Image-caption web data:
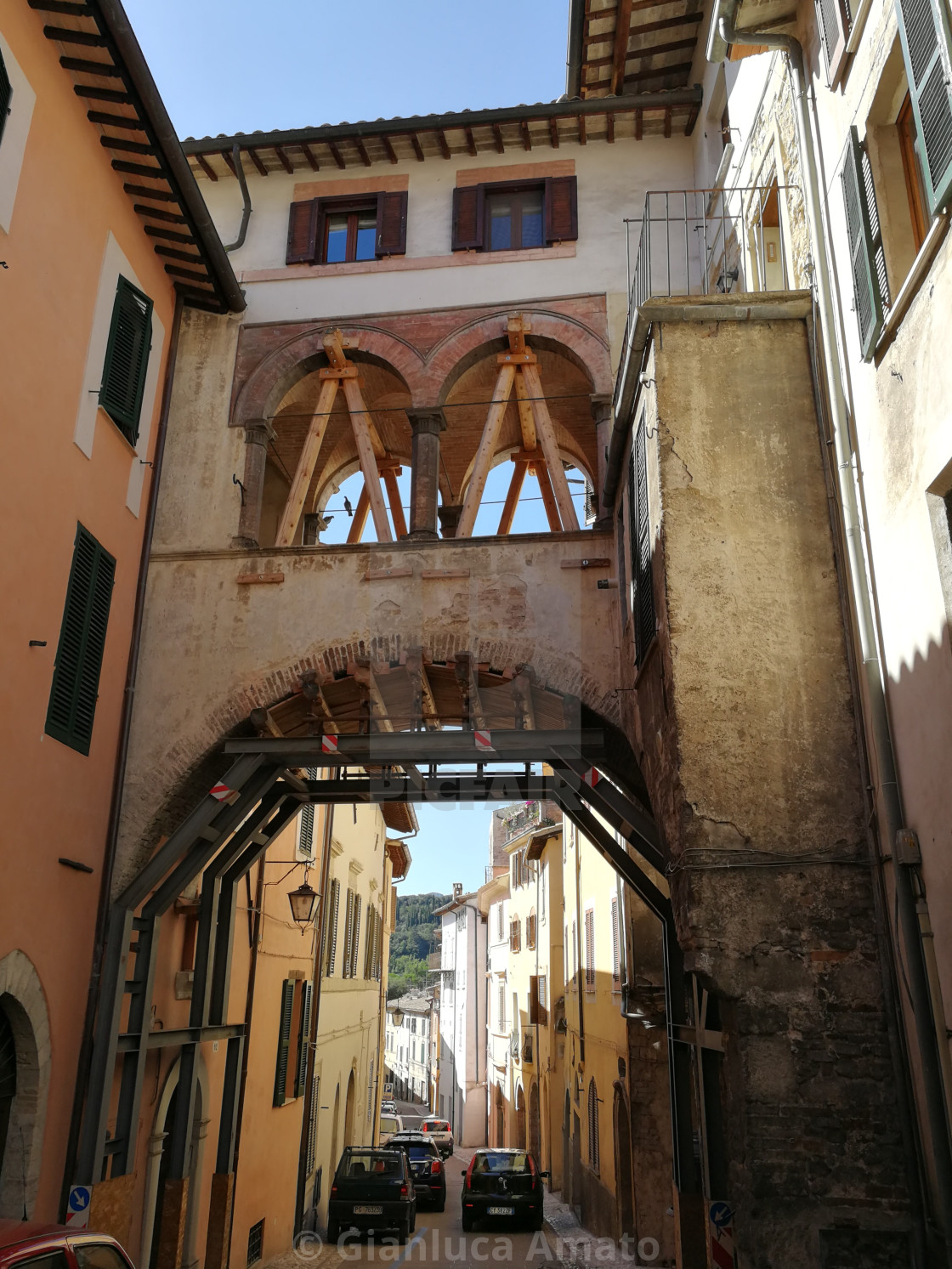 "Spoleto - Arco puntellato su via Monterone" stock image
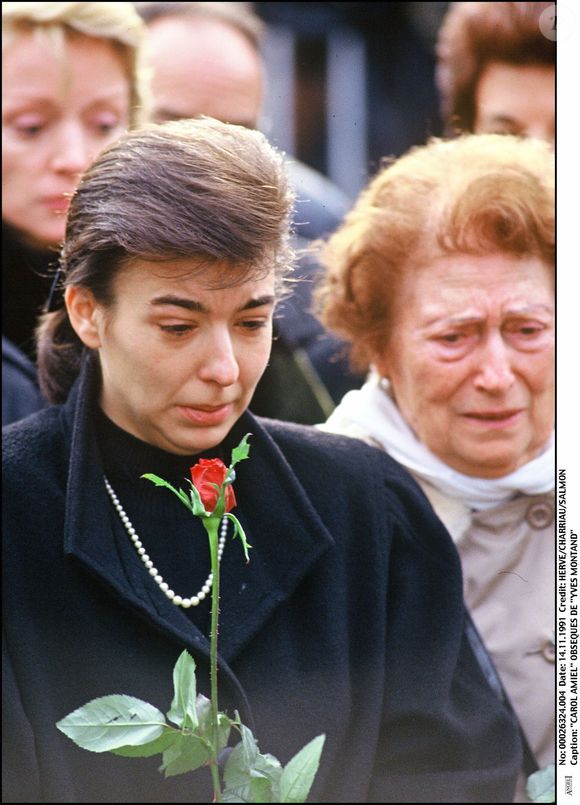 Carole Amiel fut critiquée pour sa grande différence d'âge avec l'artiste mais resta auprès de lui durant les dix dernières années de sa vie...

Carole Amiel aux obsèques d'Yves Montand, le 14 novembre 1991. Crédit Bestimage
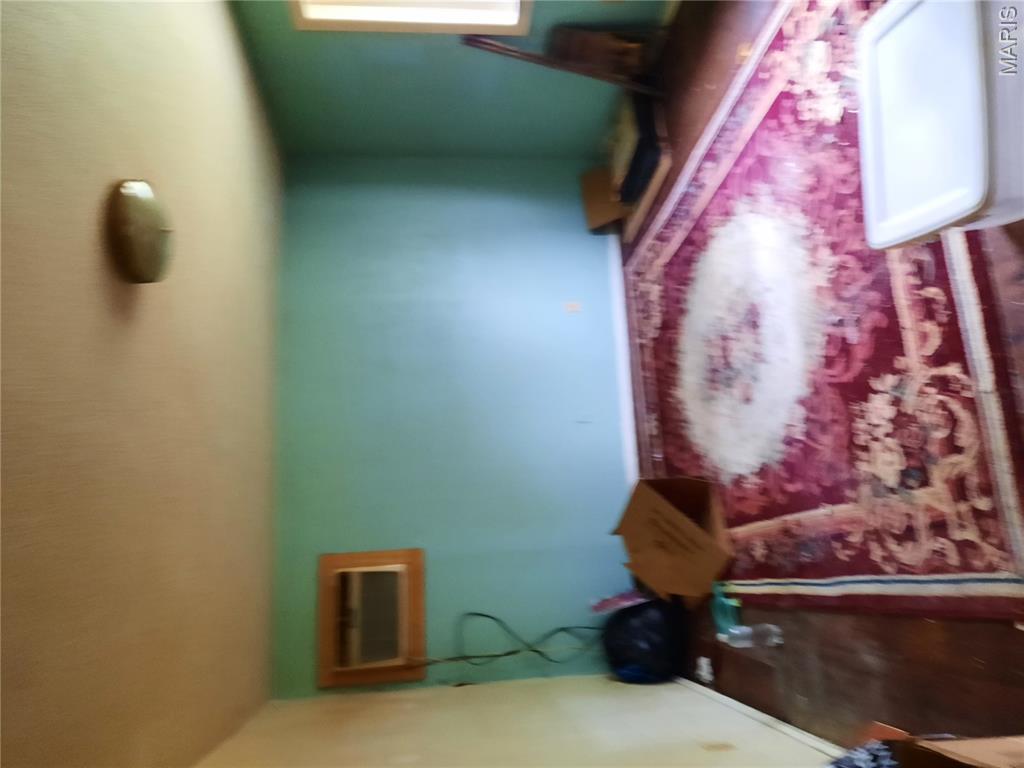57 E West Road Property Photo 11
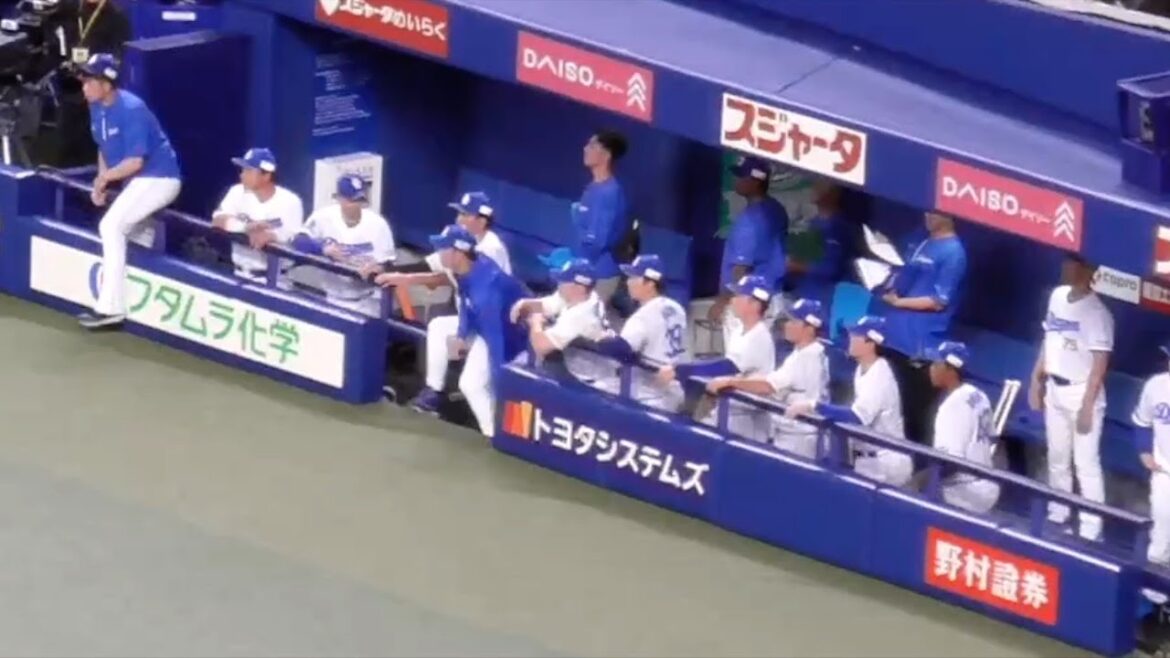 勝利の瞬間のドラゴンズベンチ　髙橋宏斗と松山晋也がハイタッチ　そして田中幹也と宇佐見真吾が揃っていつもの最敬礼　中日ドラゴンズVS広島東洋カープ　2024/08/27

Work to be completed: Copy exactly the lines that begin at the one containing "57 E West Road Property Photo 11" and end at the last line of the records, both included, omitting the pictures.

Reply:
57 E West Road Property Photo 11
 勝利の瞬間のドラゴンズベンチ　髙橋宏斗と松山晋也がハイタッチ　そして田中幹也と宇佐見真吾が揃っていつもの最敬礼　中日ドラゴンズVS広島東洋カープ　2024/08/27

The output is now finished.